Allyne define o ambiente político, no início do curso, como “extremamente hostil”. Ainda sem bandejão na universidade e sem dinheiro para o transporte, ela conta que ser acolhida pelo movimento negro foi fundamental na travessia. “Aos poucos, as coisas foram se apaziguando: não que não houvesse conflitos raciais, mas fomos obtendo vitórias jurídicas por meio do movimento negro. Tanto que, em 2005, a Uerj implementou um programa tímido de permanência, pelo qual consegui entrar em um programa com bolsa de iniciação científica”, destaca.

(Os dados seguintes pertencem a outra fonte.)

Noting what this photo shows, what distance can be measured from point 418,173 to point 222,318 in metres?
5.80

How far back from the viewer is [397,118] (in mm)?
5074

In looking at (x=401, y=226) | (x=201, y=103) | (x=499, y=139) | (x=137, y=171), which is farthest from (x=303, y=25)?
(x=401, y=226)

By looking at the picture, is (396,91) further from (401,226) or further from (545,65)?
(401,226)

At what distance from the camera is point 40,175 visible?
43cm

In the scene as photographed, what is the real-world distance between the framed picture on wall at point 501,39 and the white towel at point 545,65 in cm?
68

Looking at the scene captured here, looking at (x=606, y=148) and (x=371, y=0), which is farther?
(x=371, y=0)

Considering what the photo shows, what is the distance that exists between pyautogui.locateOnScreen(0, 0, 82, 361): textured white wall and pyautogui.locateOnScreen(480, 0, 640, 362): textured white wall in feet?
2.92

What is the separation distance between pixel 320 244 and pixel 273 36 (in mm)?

O engajamento nas questões raciais por parte de cotistas como Allyne acabou suscitando também debates sobre o próprio curso. “Era uma universidade extremamente eurocêntrica e que não atendia nossas expectativas. Me dei ao trabalho de contar quantos alunos negros haviam passado pelo curso entre 1964 e 2004: foram, no máximo, três negros nas turmas de direito. Era um curso muito elitista, mas, aos poucos, em meio a embates e estratégias de sobrevivência, fui me colocando como cotista, comprei todas as brigas que eu podia comprar e me organizei em coletivos”, afirma.

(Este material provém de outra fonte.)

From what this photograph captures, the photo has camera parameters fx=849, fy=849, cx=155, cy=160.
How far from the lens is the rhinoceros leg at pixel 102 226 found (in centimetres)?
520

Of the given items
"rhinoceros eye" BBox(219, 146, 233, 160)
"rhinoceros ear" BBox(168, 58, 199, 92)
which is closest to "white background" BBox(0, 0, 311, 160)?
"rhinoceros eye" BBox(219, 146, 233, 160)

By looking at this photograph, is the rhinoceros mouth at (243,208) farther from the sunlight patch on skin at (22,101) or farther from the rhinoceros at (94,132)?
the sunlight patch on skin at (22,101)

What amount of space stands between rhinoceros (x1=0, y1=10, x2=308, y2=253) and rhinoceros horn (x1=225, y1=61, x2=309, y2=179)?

Hoje, doutora em Direito pela USP (Universidade de São Paulo), ela assumiu a superintendência-adjunta da Fundo Brasil, entidade do terceiro setor que atua na defesa dos direitos humanos por meio de editais de apoio a coletivos e organizações de base no Brasil todo.
“Entrei na universidade em um ponto agudo da construção das ações afirmativas, as quais têm um papel relevante na busca por justiça racial. Isso me formou como cidadã e, em especial me ajudou a transitar nesses ambientes de maioria branca. E me formou para entender o que esperar do mercado de trabalho e quais lutas eu deveria travar por um mercado mais diverso”, analisa.
“A universidade pós-cotas pensa muito mais a partir das múltiplas existências do povo brasileiro do que aquela universidade ainda muito inspirada nos cânones europeu e norte americano.”